▶ **WORK ORDER**: Return the records exactly, keeping every line as it is.
=== Section Start ===
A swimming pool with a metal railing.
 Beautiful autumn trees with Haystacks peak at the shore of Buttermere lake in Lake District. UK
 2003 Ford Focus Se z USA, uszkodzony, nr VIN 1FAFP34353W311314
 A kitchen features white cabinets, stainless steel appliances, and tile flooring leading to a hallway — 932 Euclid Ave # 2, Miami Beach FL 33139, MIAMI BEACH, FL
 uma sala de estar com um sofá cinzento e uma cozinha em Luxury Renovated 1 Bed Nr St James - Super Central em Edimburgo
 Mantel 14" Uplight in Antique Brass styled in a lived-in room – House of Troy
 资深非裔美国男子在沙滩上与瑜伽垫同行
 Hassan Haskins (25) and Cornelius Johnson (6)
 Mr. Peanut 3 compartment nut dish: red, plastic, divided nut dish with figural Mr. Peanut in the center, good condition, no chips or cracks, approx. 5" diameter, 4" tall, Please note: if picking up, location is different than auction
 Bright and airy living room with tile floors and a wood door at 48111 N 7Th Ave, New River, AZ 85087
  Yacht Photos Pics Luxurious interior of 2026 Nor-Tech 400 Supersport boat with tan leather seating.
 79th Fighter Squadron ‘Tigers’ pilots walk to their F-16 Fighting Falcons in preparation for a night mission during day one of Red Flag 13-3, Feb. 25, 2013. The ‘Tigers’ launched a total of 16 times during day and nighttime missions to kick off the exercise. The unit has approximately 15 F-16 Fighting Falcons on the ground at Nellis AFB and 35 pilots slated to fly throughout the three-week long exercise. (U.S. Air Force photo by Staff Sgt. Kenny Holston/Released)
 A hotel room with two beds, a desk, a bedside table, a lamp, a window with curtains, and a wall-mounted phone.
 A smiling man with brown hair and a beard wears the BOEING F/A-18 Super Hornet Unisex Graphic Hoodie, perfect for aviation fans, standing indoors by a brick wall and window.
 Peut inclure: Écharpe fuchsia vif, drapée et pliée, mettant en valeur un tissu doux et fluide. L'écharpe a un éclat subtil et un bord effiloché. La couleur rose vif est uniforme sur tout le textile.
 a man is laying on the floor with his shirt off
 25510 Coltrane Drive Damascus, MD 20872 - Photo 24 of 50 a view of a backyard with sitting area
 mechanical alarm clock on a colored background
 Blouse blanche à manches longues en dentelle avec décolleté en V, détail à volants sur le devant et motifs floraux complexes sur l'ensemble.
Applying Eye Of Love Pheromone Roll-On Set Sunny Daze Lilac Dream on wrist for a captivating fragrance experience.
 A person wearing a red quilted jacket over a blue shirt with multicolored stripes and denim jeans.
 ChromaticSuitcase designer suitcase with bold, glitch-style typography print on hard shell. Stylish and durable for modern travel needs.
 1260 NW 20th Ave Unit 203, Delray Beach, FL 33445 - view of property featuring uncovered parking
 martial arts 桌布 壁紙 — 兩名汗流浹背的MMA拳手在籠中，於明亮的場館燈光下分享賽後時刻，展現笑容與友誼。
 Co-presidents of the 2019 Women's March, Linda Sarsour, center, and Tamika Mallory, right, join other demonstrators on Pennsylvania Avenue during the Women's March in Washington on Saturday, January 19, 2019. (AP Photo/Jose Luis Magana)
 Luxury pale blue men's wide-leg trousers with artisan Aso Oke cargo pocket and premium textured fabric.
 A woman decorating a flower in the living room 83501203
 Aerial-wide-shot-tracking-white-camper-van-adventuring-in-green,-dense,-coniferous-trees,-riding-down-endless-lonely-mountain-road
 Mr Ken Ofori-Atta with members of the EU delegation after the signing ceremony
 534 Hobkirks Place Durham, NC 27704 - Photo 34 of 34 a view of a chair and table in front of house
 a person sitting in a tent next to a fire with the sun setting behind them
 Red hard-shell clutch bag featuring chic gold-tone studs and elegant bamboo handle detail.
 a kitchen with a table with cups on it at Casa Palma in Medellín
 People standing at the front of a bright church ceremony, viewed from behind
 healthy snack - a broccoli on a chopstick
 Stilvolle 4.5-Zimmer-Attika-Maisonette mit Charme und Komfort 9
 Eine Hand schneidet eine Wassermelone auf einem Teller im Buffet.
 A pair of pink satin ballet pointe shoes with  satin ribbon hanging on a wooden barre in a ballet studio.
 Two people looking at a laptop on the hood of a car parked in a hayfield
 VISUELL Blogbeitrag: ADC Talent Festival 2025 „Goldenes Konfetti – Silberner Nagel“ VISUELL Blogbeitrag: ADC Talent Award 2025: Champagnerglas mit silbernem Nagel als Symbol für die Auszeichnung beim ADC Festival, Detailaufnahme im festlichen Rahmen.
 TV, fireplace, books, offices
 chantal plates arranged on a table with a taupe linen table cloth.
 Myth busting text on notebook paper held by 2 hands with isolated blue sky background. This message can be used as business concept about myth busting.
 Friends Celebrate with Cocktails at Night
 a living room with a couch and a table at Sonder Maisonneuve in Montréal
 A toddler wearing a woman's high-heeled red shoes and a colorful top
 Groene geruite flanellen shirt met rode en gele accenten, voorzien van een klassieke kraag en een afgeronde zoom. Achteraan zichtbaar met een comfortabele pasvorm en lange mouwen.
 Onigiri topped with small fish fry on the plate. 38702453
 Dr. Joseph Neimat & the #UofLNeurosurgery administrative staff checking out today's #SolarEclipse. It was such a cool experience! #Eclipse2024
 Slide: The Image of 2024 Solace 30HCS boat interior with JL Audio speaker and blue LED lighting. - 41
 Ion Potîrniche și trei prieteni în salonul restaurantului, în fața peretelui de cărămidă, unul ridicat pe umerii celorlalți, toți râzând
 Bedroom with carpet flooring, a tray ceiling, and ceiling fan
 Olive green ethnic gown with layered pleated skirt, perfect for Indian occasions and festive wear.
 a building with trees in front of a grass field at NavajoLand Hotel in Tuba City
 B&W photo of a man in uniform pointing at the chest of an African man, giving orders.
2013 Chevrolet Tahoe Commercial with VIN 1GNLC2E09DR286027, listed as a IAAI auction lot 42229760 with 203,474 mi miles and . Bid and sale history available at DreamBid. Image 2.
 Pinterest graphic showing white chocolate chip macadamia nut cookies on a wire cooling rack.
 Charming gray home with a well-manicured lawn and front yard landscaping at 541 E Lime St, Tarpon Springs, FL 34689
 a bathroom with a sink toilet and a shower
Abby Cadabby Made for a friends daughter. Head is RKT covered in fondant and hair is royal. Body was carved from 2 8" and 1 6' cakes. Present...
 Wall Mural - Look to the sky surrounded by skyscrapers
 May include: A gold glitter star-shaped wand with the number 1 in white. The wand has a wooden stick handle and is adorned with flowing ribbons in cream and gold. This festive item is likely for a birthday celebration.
=== Section End ===
▶ **PROBLEM SOLUTION**:
A swimming pool with a metal railing.
 Beautiful autumn trees with Haystacks peak at the shore of Buttermere lake in Lake District. UK
 2003 Ford Focus Se z USA, uszkodzony, nr VIN 1FAFP34353W311314
 A kitchen features white cabinets, stainless steel appliances, and tile flooring leading to a hallway — 932 Euclid Ave # 2, Miami Beach FL 33139, MIAMI BEACH, FL
 uma sala de estar com um sofá cinzento e uma cozinha em Luxury Renovated 1 Bed Nr St James - Super Central em Edimburgo
 Mantel 14" Uplight in Antique Brass styled in a lived-in room – House of Troy
 资深非裔美国男子在沙滩上与瑜伽垫同行
 Hassan Haskins (25) and Cornelius Johnson (6)
 Mr. Peanut 3 compartment nut dish: red, plastic, divided nut dish with figural Mr. Peanut in the center, good condition, no chips or cracks, approx. 5" diameter, 4" tall, Please note: if picking up, location is different than auction
 Bright and airy living room with tile floors and a wood door at 48111 N 7Th Ave, New River, AZ 85087
  Yacht Photos Pics Luxurious interior of 2026 Nor-Tech 400 Supersport boat with tan leather seating.
 79th Fighter Squadron ‘Tigers’ pilots walk to their F-16 Fighting Falcons in preparation for a night mission during day one of Red Flag 13-3, Feb. 25, 2013. The ‘Tigers’ launched a total of 16 times during day and nighttime missions to kick off the exercise. The unit has approximately 15 F-16 Fighting Falcons on the ground at Nellis AFB and 35 pilots slated to fly throughout the three-week long exercise. (U.S. Air Force photo by Staff Sgt. Kenny Holston/Released)
 A hotel room with two beds, a desk, a bedside table, a lamp, a window with curtains, and a wall-mounted phone.
 A smiling man with brown hair and a beard wears the BOEING F/A-18 Super Hornet Unisex Graphic Hoodie, perfect for aviation fans, standing indoors by a brick wall and window.
 Peut inclure: Écharpe fuchsia vif, drapée et pliée, mettant en valeur un tissu doux et fluide. L'écharpe a un éclat subtil et un bord effiloché. La couleur rose vif est uniforme sur tout le textile.
 a man is laying on the floor with his shirt off
 25510 Coltrane Drive Damascus, MD 20872 - Photo 24 of 50 a view of a backyard with sitting area
 mechanical alarm clock on a colored background
 Blouse blanche à manches longues en dentelle avec décolleté en V, détail à volants sur le devant et motifs floraux complexes sur l'ensemble.
Applying Eye Of Love Pheromone Roll-On Set Sunny Daze Lilac Dream on wrist for a captivating fragrance experience.
 A person wearing a red quilted jacket over a blue shirt with multicolored stripes and denim jeans.
 ChromaticSuitcase designer suitcase with bold, glitch-style typography print on hard shell. Stylish and durable for modern travel needs.
 1260 NW 20th Ave Unit 203, Delray Beach, FL 33445 - view of property featuring uncovered parking
 martial arts 桌布 壁紙 — 兩名汗流浹背的MMA拳手在籠中，於明亮的場館燈光下分享賽後時刻，展現笑容與友誼。
 Co-presidents of the 2019 Women's March, Linda Sarsour, center, and Tamika Mallory, right, join other demonstrators on Pennsylvania Avenue during the Women's March in Washington on Saturday, January 19, 2019. (AP Photo/Jose Luis Magana)
 Luxury pale blue men's wide-leg trousers with artisan Aso Oke cargo pocket and premium textured fabric.
 A woman decorating a flower in the living room 83501203
 Aerial-wide-shot-tracking-white-camper-van-adventuring-in-green,-dense,-coniferous-trees,-riding-down-endless-lonely-mountain-road
 Mr Ken Ofori-Atta with members of the EU delegation after the signing ceremony
 534 Hobkirks Place Durham, NC 27704 - Photo 34 of 34 a view of a chair and table in front of house
 a person sitting in a tent next to a fire with the sun setting behind them
 Red hard-shell clutch bag featuring chic gold-tone studs and elegant bamboo handle detail.
 a kitchen with a table with cups on it at Casa Palma in Medellín
 People standing at the front of a bright church ceremony, viewed from behind
 healthy snack - a broccoli on a chopstick
 Stilvolle 4.5-Zimmer-Attika-Maisonette mit Charme und Komfort 9
 Eine Hand schneidet eine Wassermelone auf einem Teller im Buffet.
 A pair of pink satin ballet pointe shoes with  satin ribbon hanging on a wooden barre in a ballet studio.
 Two people looking at a laptop on the hood of a car parked in a hayfield
 VISUELL Blogbeitrag: ADC Talent Festival 2025 „Goldenes Konfetti – Silberner Nagel“ VISUELL Blogbeitrag: ADC Talent Award 2025: Champagnerglas mit silbernem Nagel als Symbol für die Auszeichnung beim ADC Festival, Detailaufnahme im festlichen Rahmen.
 TV, fireplace, books, offices
 chantal plates arranged on a table with a taupe linen table cloth.
 Myth busting text on notebook paper held by 2 hands with isolated blue sky background. This message can be used as business concept about myth busting.
 Friends Celebrate with Cocktails at Night
 a living room with a couch and a table at Sonder Maisonneuve in Montréal
 A toddler wearing a woman's high-heeled red shoes and a colorful top
 Groene geruite flanellen shirt met rode en gele accenten, voorzien van een klassieke kraag en een afgeronde zoom. Achteraan zichtbaar met een comfortabele pasvorm en lange mouwen.
 Onigiri topped with small fish fry on the plate. 38702453
 Dr. Joseph Neimat & the #UofLNeurosurgery administrative staff checking out today's #SolarEclipse. It was such a cool experience! #Eclipse2024
 Slide: The Image of 2024 Solace 30HCS boat interior with JL Audio speaker and blue LED lighting. - 41
 Ion Potîrniche și trei prieteni în salonul restaurantului, în fața peretelui de cărămidă, unul ridicat pe umerii celorlalți, toți râzând
 Bedroom with carpet flooring, a tray ceiling, and ceiling fan
 Olive green ethnic gown with layered pleated skirt, perfect for Indian occasions and festive wear.
 a building with trees in front of a grass field at NavajoLand Hotel in Tuba City
 B&W photo of a man in uniform pointing at the chest of an African man, giving orders.
2013 Chevrolet Tahoe Commercial with VIN 1GNLC2E09DR286027, listed as a IAAI auction lot 42229760 with 203,474 mi miles and . Bid and sale history available at DreamBid. Image 2.
 Pinterest graphic showing white chocolate chip macadamia nut cookies on a wire cooling rack.
 Charming gray home with a well-manicured lawn and front yard landscaping at 541 E Lime St, Tarpon Springs, FL 34689
 a bathroom with a sink toilet and a shower
Abby Cadabby Made for a friends daughter. Head is RKT covered in fondant and hair is royal. Body was carved from 2 8" and 1 6' cakes. Present...
 Wall Mural - Look to the sky surrounded by skyscrapers
 May include: A gold glitter star-shaped wand with the number 1 in white. The wand has a wooden stick handle and is adorned with flowing ribbons in cream and gold. This festive item is likely for a birthday celebration.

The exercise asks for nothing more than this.